Les spécifications annoncées par le constructeur sont les suivantes :
impédance : 46 ohms
réponse en fréquence : 5 Hz — 25 kHz
Le câble est fourni en double : il s’agit d’un câble en Y, de 2 mètres environ, avec des terminaisons en plastique serti (pas moyen de les démonter aisément, il nous semble). À une extrémité, un jack TRS 3,5 mm avec son adaptateur à vis 6,35 mm. À l’autre, deux bornes qui s’insèrent dans les oreillettes avec un léger clic, système qui tient bien, mais qui permet aussi l’arrachage sans dégât en cas d’accident (du type : marcher sur le câble). L’idée d’avoir un double, c’est bien… Mais deux câbles différents, pour des situations d’écoute différentes, ça serait bien aussi… peut-être même mieux en fait !
Le casque est robuste tout en restant souple, et l’on sent que cet aspect a été pensé pour permettre de supporter les chocs durant un transport sans se briser. L’arceau, en particulier, d’apparence plutôt solide, est surprenant de souplesse (on y reviendra dans la partie transport).
La construction se partage entre métal et plastique (voir photo ci-dessus), penchant un peu plus pour ce deuxième matériau.
Le casque est fourni avec une mallette, une paire de coussinets en mousse supplémentaires (cachés sous un rabat dans la mallette) et deux câbles, comme mentionné plus haut.
Démontable ?
Oui, assez facilement. Mais, vous le verrez, il y a un défaut final qui nuit quand même à l’ensemble.

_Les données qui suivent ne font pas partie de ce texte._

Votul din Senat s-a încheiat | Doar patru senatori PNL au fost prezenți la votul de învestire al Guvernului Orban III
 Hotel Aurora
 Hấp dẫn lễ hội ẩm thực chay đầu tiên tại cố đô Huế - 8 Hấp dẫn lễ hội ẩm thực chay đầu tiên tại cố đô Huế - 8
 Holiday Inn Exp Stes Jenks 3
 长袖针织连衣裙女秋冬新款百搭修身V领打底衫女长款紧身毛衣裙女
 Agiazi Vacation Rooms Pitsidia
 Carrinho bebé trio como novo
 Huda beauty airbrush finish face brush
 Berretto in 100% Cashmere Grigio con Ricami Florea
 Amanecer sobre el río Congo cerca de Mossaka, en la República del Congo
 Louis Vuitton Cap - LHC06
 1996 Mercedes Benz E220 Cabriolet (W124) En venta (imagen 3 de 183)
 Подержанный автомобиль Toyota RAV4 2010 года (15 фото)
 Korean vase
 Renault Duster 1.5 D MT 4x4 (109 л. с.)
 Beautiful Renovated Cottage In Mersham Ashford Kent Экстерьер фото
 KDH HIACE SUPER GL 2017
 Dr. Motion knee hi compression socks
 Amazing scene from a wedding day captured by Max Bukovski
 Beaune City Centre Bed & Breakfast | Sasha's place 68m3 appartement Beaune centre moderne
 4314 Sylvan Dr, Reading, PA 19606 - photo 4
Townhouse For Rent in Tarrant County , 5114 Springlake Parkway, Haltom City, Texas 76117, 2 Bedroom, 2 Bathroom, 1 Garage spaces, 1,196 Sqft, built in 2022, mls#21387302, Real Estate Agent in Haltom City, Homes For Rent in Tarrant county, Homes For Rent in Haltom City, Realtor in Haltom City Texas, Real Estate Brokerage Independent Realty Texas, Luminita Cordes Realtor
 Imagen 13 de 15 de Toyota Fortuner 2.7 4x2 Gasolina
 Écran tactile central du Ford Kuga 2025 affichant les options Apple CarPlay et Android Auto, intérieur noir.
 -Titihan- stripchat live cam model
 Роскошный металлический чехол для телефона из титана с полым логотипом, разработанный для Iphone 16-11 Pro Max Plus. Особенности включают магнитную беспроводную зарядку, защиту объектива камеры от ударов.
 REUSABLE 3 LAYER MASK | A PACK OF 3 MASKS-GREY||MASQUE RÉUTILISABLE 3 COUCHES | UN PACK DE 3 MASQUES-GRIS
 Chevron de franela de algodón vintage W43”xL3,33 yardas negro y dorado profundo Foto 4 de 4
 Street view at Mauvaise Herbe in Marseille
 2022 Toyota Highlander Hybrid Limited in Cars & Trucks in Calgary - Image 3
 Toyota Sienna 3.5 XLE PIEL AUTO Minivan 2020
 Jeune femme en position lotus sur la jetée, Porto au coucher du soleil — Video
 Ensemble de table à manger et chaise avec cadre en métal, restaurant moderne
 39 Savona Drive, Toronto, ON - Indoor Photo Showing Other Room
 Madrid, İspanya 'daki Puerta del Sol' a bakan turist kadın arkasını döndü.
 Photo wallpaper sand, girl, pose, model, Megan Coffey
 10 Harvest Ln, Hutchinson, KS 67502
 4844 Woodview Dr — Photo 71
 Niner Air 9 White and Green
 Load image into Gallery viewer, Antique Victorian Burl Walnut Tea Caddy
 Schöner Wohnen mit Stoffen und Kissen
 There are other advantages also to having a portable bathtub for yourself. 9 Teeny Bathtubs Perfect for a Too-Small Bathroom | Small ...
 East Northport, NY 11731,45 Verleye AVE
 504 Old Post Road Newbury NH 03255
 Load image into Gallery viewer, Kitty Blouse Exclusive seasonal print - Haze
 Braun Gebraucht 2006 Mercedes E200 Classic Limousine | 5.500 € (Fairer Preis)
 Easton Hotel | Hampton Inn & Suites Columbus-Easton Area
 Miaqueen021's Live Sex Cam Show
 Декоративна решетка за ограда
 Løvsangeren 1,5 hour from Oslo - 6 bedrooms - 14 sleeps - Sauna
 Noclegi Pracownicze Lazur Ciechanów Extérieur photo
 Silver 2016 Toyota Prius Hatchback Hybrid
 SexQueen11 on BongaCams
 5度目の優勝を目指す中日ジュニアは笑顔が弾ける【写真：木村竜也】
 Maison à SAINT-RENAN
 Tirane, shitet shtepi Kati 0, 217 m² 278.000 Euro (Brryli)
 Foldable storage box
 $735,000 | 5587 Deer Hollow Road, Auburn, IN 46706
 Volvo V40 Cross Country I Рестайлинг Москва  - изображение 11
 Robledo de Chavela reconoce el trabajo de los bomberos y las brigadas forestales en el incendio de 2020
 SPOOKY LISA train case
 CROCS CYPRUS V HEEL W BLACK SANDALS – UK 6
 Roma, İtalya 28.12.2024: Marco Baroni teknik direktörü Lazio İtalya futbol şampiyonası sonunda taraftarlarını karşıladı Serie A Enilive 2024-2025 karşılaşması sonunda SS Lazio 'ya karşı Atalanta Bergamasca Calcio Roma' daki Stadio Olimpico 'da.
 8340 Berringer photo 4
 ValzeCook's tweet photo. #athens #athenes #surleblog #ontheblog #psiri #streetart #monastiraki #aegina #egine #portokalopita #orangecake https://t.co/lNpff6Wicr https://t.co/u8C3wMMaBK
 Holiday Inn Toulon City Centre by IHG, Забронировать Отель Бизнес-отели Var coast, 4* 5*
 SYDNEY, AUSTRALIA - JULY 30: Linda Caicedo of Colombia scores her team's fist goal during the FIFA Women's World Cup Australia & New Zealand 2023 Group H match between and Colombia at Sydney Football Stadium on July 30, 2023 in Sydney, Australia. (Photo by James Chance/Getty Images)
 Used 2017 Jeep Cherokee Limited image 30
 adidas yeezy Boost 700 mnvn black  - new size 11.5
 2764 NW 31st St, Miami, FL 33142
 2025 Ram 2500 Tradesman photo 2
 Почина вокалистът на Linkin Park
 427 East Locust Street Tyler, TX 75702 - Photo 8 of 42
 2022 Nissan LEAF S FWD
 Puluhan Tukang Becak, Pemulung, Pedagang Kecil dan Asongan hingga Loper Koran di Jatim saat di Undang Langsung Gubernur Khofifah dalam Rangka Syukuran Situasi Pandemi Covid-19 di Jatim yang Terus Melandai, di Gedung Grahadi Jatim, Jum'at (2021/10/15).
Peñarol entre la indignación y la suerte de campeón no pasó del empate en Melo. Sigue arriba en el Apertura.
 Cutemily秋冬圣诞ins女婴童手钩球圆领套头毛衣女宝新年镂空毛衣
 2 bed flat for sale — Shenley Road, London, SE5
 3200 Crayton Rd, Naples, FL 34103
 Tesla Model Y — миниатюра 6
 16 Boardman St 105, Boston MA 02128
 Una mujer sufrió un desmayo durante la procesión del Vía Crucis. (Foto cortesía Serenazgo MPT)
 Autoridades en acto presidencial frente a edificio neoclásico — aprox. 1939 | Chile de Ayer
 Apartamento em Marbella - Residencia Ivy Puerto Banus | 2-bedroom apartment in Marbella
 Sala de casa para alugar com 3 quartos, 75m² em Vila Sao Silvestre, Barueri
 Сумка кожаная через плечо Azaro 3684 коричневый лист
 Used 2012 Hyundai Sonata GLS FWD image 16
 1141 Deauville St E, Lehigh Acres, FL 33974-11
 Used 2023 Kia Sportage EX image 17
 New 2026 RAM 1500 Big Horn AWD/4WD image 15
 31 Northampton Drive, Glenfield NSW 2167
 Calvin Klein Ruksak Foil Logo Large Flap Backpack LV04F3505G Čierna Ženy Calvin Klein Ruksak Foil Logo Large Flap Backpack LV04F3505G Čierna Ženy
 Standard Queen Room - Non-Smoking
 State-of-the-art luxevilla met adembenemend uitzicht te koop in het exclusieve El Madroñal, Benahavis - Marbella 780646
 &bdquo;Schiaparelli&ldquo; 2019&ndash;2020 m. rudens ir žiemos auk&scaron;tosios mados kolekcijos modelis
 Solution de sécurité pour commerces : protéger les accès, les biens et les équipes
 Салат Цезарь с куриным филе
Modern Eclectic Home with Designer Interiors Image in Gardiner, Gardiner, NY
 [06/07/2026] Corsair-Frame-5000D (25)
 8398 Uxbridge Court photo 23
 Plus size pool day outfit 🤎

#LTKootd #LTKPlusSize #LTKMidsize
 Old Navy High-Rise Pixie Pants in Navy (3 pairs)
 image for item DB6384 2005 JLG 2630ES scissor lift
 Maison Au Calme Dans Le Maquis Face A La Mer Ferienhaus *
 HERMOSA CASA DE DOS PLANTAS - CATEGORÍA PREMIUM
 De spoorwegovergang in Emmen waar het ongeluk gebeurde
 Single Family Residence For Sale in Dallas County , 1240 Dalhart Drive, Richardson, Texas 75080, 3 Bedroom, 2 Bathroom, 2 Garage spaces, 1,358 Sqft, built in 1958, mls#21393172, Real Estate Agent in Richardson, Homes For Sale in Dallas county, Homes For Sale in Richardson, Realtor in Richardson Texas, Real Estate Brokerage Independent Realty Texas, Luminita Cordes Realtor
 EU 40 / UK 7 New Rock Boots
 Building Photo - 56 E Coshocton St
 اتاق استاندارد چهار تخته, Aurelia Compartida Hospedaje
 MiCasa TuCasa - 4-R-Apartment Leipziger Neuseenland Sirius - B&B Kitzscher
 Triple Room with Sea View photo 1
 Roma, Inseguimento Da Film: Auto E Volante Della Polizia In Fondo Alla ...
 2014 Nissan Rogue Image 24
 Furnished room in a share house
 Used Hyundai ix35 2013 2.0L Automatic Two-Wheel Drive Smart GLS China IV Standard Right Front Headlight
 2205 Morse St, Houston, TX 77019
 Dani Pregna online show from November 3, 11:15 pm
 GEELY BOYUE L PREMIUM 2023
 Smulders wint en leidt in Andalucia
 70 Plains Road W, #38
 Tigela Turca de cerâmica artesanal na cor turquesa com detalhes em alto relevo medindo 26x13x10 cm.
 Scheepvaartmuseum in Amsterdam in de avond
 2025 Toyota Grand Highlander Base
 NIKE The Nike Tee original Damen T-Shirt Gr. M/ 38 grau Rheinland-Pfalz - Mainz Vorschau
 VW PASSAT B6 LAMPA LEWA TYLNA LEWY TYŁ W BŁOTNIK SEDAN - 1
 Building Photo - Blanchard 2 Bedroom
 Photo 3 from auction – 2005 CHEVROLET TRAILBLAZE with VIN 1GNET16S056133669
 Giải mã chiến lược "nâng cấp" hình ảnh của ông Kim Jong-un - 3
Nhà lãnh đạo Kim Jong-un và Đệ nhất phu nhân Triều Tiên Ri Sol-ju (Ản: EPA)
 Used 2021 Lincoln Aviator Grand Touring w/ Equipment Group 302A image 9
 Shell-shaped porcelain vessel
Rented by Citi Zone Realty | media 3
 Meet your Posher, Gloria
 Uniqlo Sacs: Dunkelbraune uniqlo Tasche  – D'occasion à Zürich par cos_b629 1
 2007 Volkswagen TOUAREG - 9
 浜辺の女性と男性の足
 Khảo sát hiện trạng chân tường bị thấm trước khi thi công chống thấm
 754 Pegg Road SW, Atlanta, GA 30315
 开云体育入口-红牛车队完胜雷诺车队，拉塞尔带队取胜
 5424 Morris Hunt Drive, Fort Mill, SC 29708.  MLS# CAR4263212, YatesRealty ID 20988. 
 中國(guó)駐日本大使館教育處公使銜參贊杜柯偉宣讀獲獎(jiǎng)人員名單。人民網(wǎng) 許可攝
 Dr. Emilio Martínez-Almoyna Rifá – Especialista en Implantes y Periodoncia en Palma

Alors, comme d’habitude, pour commencer on tire sur les mousses pour révéler la structure de l’oreillette :
Et l’on découvre 4 vis cruciformes. Celles-ci ôtées, on démonte facilement la plaque de maintien :
À noter : sans câble passant dans l’arceau, les designers de Shure ont opté pour une plaque qui porte l’intégralité des éléments. On peut donc la détacher et travailler directement dessus, sans avoir à manœuvrer avec les restes du casque. C’est un très bon point : une construction très rationnelle.
Le câblage est inhabituellement épais et robuste pour l’intérieur d’un casque. En revanche…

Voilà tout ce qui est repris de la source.